Não se contesta o direito à greve, mas sim a forma por vezes leviana e descuidada com que, no passado recente, a ela se tem recorrido, e comprime ilegitimamente, não só outros direitos fundamentais dos cidadãos, como o direito à mobilidade, à educação, à saúde e, no caso da Madeira, pasme-se: à própria autonomia regional.
Fomos recentemente confrontados com um Acordão do Tribunal da Relação de Lisboa, que não só reverteu, em nosso entender mal, uma (douta e sábia) decisão do Juízo do Trabalho do Funchal, que julgou ilegal uma greve pela clara inobservância dos requisitos para o efeito, como foi mais longe, ao considerar que os órgãos do Governo Regional da Madeira, nomeadamente a Direção Regional do Trabalho, não dispunham de competências para receber o pré-aviso de greve. Aparentemente, nem a Secretaria Regional com a tutela pelo setor de atividade e a Secretaria Regional com tutela dos assuntos laborais não têm competências para proferir despacho a definir serviços mínimos e os meios necessários para os assegurar, nem tão pouco o Ministério do Trabalho.
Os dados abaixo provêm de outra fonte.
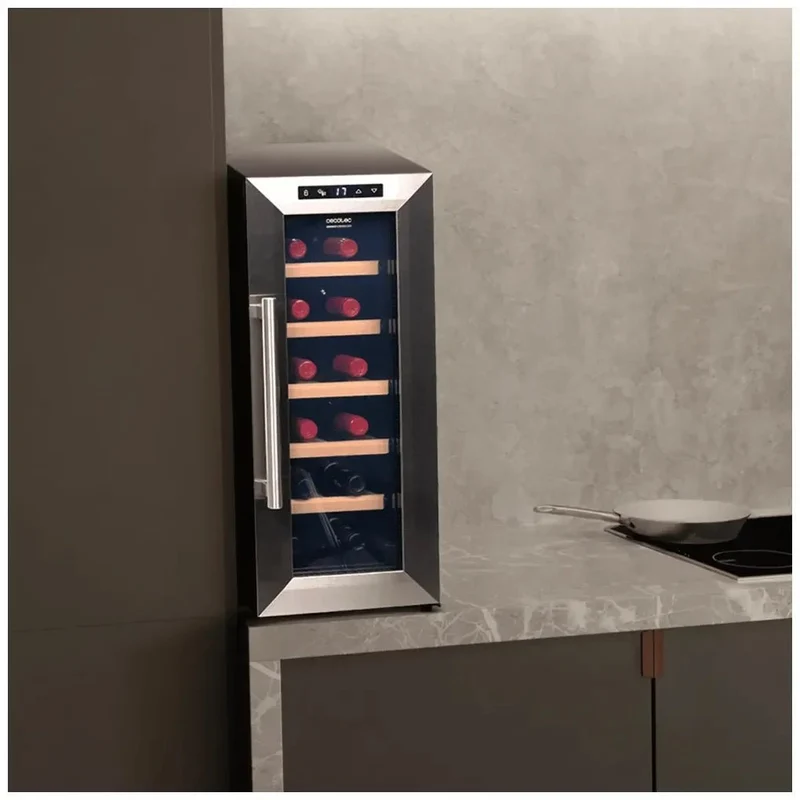 Vinoteca Bolero GrandSommelier 1270: Elegancia y Eficiencia para 12 Botellas de Cecotec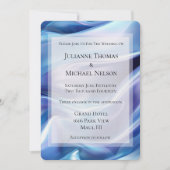 Hübsch Dreamy Blue Lila Romantische Hochzeit Einladung (Vorderseite)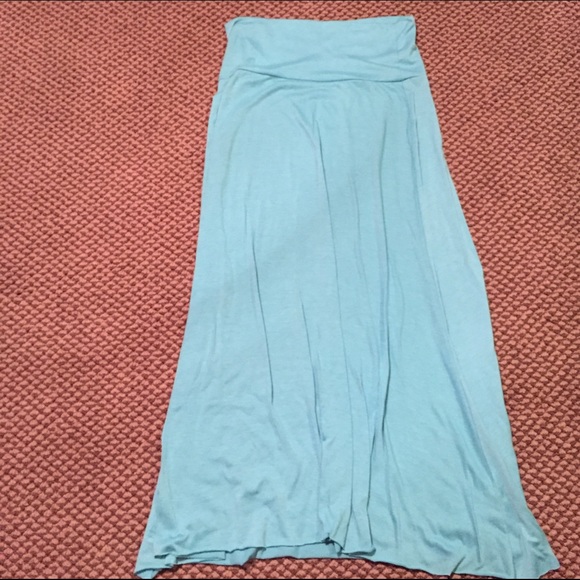 Aqua Maxi Skirt NWOT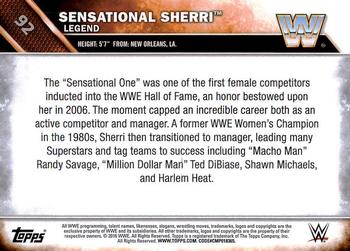 2016 Topps WWE #92 Sensational Sherri Back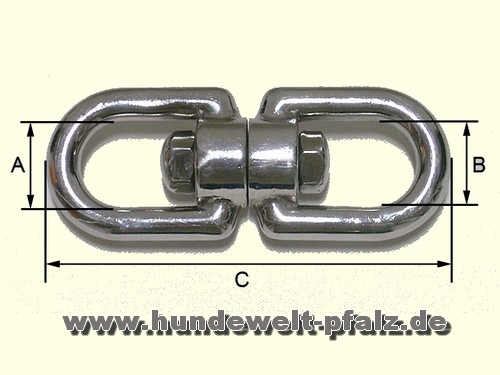 Wirbel, rund 16 x 16 x 62mm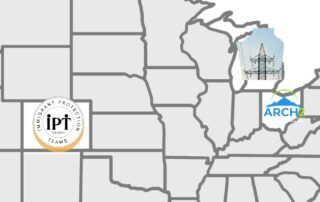 Map highlighting Colorado, Ohio, and Michigan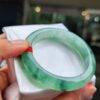 天然緬甸玉 A 貨｜冰種飄陽綠正圈厚庄手鐲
Isto equivale, na prática, a assumir um vazio legal nesta matéria e a possibilidade de se marcar greves da Madeira sem a possibilidade de, legalmente, se determinar serviços mínimos.
Escusado será dizer que foi um choque ler estas palavras – na verdade “só não caí da cadeira”, mas é importante que os leitores em geral, e os decisores políticos regionais em particular, saibam que o Tribunal da Relação de Lisboa, na prática, recusou às autoridades regionais da Madeira qualquer tipo de competência com o Tribunal da Relação ao determinar que nenhuma autoridade regional tem poder ou competência para definir serviços mínimos e gerir os procedimentos de greve marcadas em território regional, colocando em causa o princípio da autonomia, consagrado na Constituição e no Estatuto Político-Administrativo da Região.
Esta decisão impõe uma reflexão mais profunda sobre o direito à greve e a colisão com os demais direitos, sendo que esta, em particular, ignora a realidade insular e as especificidades de um território ultraperiférico, onde a interrupção de serviços essenciais, como o transporte público, tem consequências muito mais gravosas do que no continente. A Madeira não pode ser tratada como uma mera extensão administrativa de Lisboa, sob pena de se desvirtuar o próprio conceito, pelo qual, nós madeirenses, tanto lutamos e aquele que é o Pilar Fundamental da nossa Região: A nossa Autonomia!